Profiler Transform

Summary

Profiler implement a word count. Typical implementation of the word count is done using map reduce. * It’s O(N2) complexity * shuffling with lots of data movement

Implementation here is using “streaming” aggregation, based on central cache:

At the heart of the implementation is a cache of partial word counts, implemented as a set of Ray actors and containing word counts processed so far.
Individual data processors are responsible for:
Reading data from data plane
tokenizing documents (we use pluggable tokenizer)
Coordinating with distributed cache to collect overall word counts

The complication of mapping this model to transform model is the fact that implementation requires an aggregators cache, that transform mode knows nothing about.
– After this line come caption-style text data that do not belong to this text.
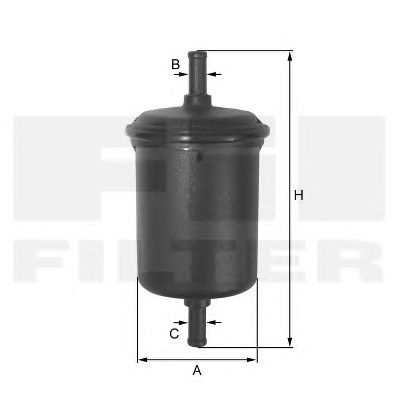 Fuel filter ZP 8023 FP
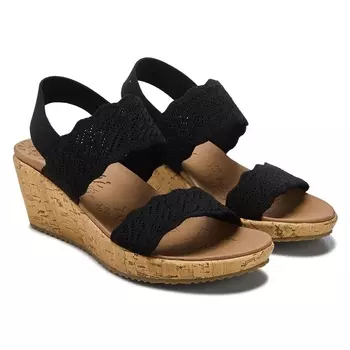 Сандалии на танкетке Beverlee timeless touch от Skechers, black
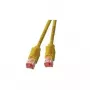 Kabel sieciowy EFB Elektronik RJ45 S/FTP Cat6a RJ-45 2 m Żółty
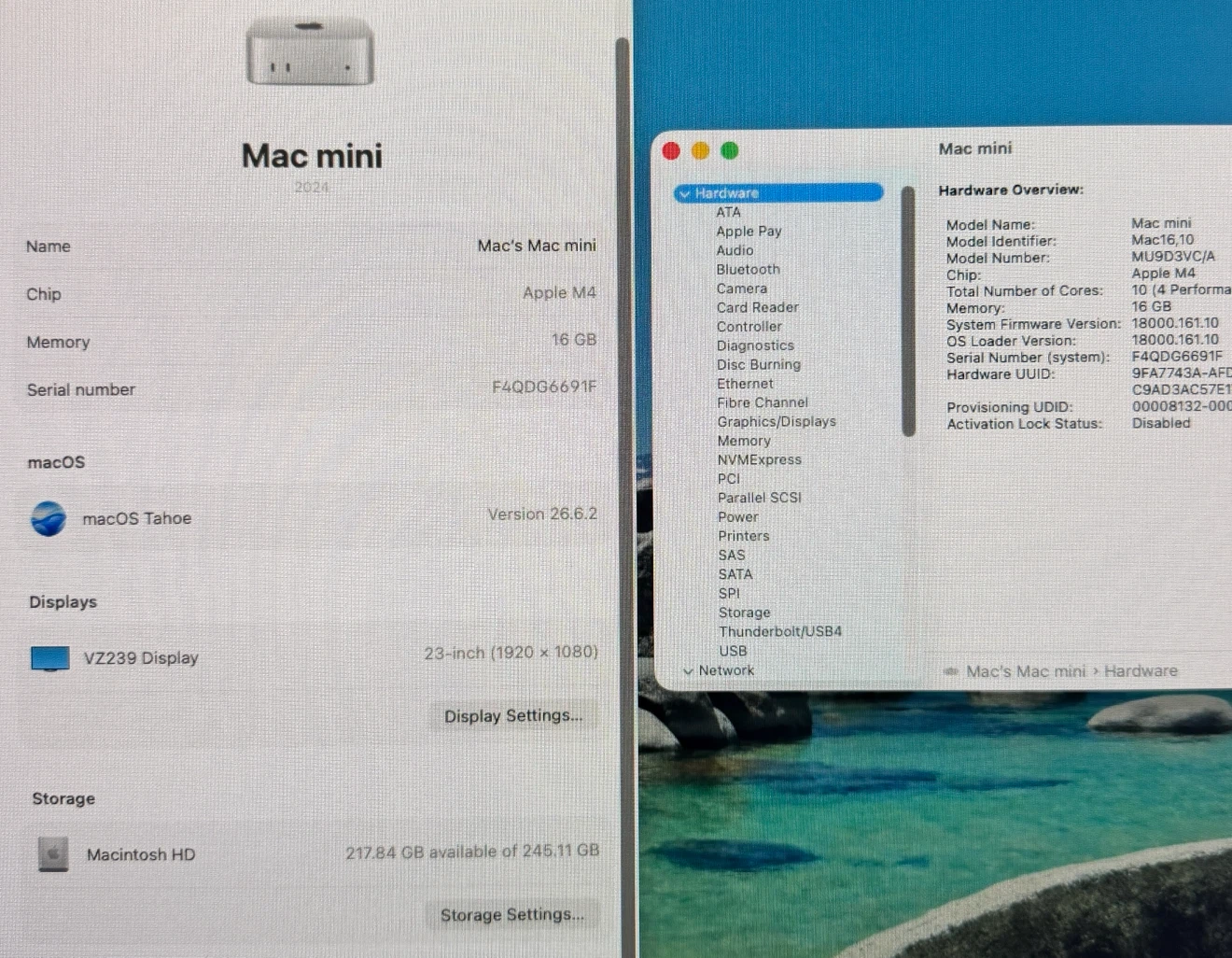 M4 / 16GB RAM / Mac Mini 2024 / 256GB - photo 3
The solution here is to use transform runtime to create cache and pass it as a parameter to transforms.

Transform runtime

Transform runtime is responsible for creating cache actors and sending their handles to the transforms themselves. Additionally, it writes created word counts to the data storage (as .csv files) and enhances statistics information with the information about cache size and utilization

Configuration and command line Options

The set of dictionary keys holding ProfilerTransform configuration for values are as follows:

doc_column - specifies name of the column containing documents

Running

Launched Command Line Options

When running the transform with the Python launcher (i.e., TransformLauncher), the following command line arguments are available in addition to the options provided by the launcher.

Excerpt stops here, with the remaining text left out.